Still, I’d argue that the scene’s (and to some extent the film’s) secret weapon is Kelly Lynch, a fine actor who’s never really gotten her due—possibly on account of her, shall we say, iconic role in Road House. Watch this scene again and keep your eye on her every time Dillon says almost anything. Her repertoire of sad, knowing nods gives a hilariously fresh spin to the concept of testifying. This isn’t even especially drug-fueled. It’s just a very specific form of insecurity: the desire to broadcast to the room your foreknowledge of what’s being said, thereby aligning yourself with the speaker (in this case, the nominal gang’s nominal leader). Her massive eyeroll when Dillon simply says the word “hats” could be mistaken for overacting, but it’s the character who’s overacting, not Lynch. You can see the difference when she tells the Panda story—her sorrow at the memory of their dog being put to sleep is simple, direct, and affecting, an expert tonal gearshift that collides productively with the TV commercial.

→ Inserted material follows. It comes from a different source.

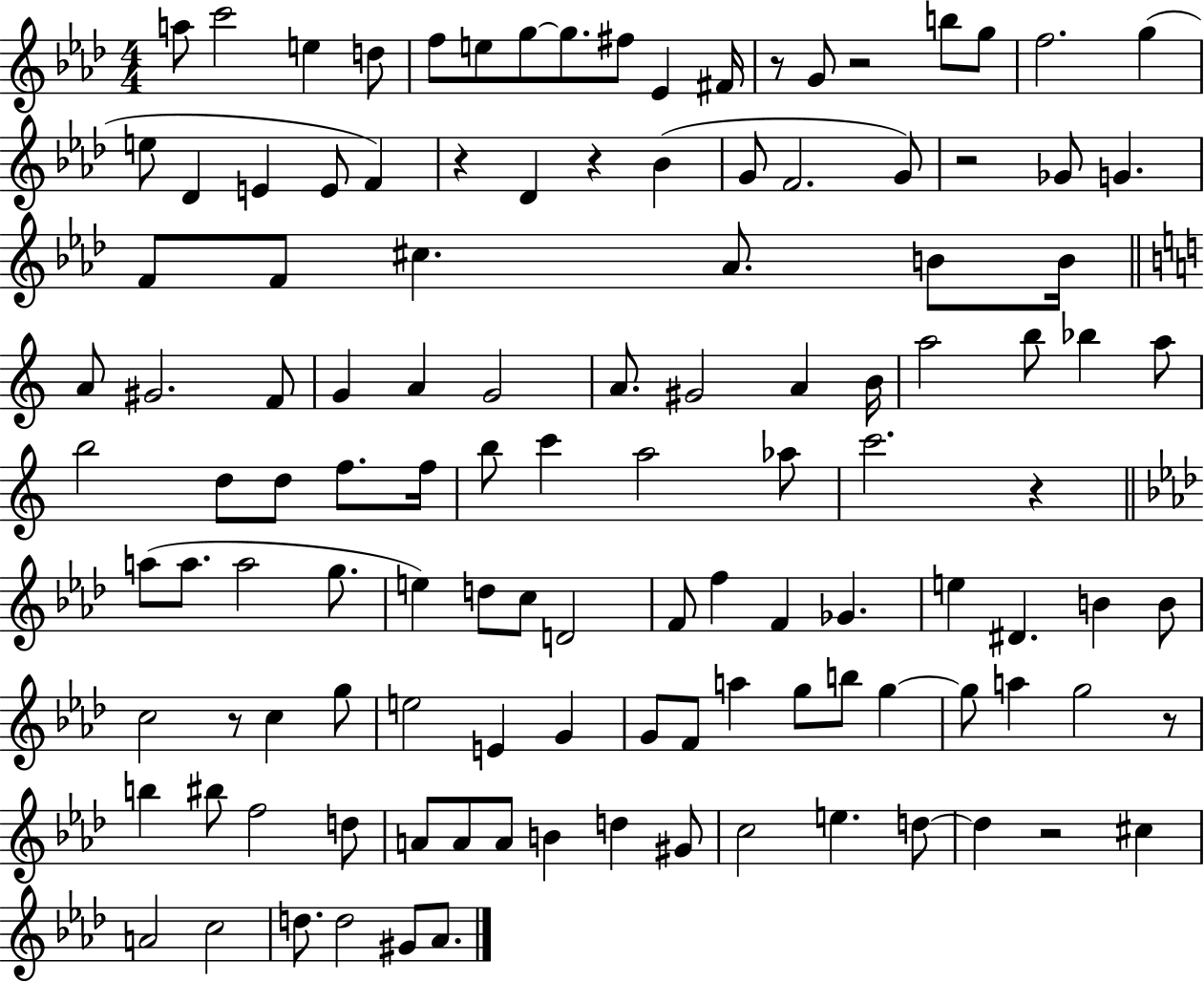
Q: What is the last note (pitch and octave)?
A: Ab4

And then there are the little touches, like the room’s production design. Drugstore Cowboy is a period piece, so we get an old Sylvania TV set and that groovy floral-patterned armchair in the foreground. But notice something else about this house: It’s clean. Granted, they’ve just moved in, but it’s still refreshing to see a movie about drug users—flat-out junkies, here—who don’t always inhabit a pigpen. The only item out of place is a bag of fries that’s spilled out onto a cabinet of some sort behind the groovy armchair, and it’s probably significant that Dillon moves into that armchair, giving us a good look at the mess just past his head, when Lynch starts talking about Panda. Symbolism! And yet he cleans it up right in the middle of his tirade, as if making an effort to contain the madness that’s about to spill out. Just as real-life drunks tend to over-enunciate because they’re afraid they may slur, real-life druggies are often more self-conscious than the clean and sober, which is precisely what fuels their tortured reasoning. Capturing that behavior may not be a laugh riot à la Pineapple Express or Half Baked, but what comedy is there, rooted in recognition, hits much closer to home.